Posted by Bernd Klingenbrunn - Samstag, 27 März 2010

Tomoko Kuriyama: "Es waren zumeist Frauen, die mir nichts zugetraut haben." (Foto: Judith Michaelis)

Tomoko Kuriyama  ist die einzige japanische Kellermeisterin Deutschlands. Ihre Weine gewinnen international Preise.

Frankfurt. Vor zehn Jahren lebte Tomoko Kuriyama noch in Tokio und arbeitete in der Marketingabteilung eines Handyanbieters. Im Jahr 2000 zog sie mit ihrem deutschen Ehemann nach Frankfurt und entschied, sich beruflich zu verändern. Heute, mit 41 Jahren, ist die Japanerin Kellermeisterin beim traditionsreichen Weingut Altenkirch im Rheingau.

Frau Kuriyama, wie kam es, dass Sie sich mit 30 Jahren beruflich noch einmal völlig neu orientiert haben?

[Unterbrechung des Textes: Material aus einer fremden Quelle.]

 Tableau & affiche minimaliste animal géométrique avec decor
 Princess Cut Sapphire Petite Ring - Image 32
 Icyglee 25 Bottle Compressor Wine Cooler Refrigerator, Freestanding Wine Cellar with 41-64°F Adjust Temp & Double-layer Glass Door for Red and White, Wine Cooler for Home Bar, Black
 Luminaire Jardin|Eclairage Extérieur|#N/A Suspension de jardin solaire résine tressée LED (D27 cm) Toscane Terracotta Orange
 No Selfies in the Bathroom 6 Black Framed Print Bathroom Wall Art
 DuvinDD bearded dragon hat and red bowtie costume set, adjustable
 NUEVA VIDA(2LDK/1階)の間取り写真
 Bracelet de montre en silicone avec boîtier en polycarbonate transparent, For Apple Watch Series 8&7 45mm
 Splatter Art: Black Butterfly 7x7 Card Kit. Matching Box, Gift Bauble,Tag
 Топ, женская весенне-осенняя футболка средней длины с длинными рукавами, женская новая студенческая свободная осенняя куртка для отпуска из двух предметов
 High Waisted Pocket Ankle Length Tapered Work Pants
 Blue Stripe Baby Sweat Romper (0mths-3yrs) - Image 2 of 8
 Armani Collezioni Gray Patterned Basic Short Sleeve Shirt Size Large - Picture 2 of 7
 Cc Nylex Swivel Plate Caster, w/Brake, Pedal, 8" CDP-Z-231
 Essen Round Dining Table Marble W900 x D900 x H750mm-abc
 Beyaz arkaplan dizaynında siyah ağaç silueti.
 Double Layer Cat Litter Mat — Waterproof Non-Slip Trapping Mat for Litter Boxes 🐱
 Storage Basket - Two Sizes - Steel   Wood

Kuriyama: Ich habe mich schon immer für Kulinarisches interessiert. Meine Oma hatte im japanischen Fernsehen eine Kochshow, und mein Großvater hat jeden Abend ein Glas französischen Rotwein getrunken. Da durfte ich dann oft probieren. Als ich nach Deutschland gekommen bin, habe ich erst angefangen, Volkswirtschaftslehre zu studieren. Aber dann habe ich gemerkt, dass mich die Arbeit im Marketing nicht mehr so recht inspiriert. Ich wollte etwas Handwerkliches machen, etwas, wo man hinterher ein Ergebnis in der Hand hält. Also bin ich einfach zum Weingut von Paul Fürst gegangen und habe mich vorgestellt. Der hat mich erst für verrückt erklärt, mich dann aber doch als Auszubildende eingestellt.

Kellermeister ist ja auch ein eher ungewöhnlicher Beruf für eine Frau. Wurden Sie manchmal unterschätzt?

Kuriyama: Hin und wieder schon. Als Frau, Ausländerin und Quereinsteigerin musste ich mich besonders anstrengen, um ernst genommen zu werden. Erstaunlicherweise waren es zumeist Frauen, die mir nichts zugetraut haben. Kolleginnen im Studium, die gedacht haben, ich könnte nicht mal einen Strohballen heben. Das hat mich sehr geärgert. Meine Chefs waren aber immer fair. Ich wurde behandelt wie alle anderen und musste auch die gleiche Arbeit machen. Und genau das wollte ich ja.

Was reizt Sie besonders an ihrem Beruf?

Kuriyama: Das Wunderbare an meinem Job ist, dass alle meine Sinne gefordert werden. Ich arbeite im Weinberg, wo ich die Reben kontrolliere und ernte. Dann muss ich den Wein abstimmen und abschmecken. Außerdem kümmere ich mich um die Abfüllung und die Etikettierung. Diese Vielseitigkeit gefällt mir. Man bewegt den Körper, arbeitet aber auch mit dem Kopf.

Mit Ihrem ersten Riesling-Jahrgang haben Sie gleich internationale Preise gewonnen. Erhöht das Ihre Erwartungen für die kommenden Jahre?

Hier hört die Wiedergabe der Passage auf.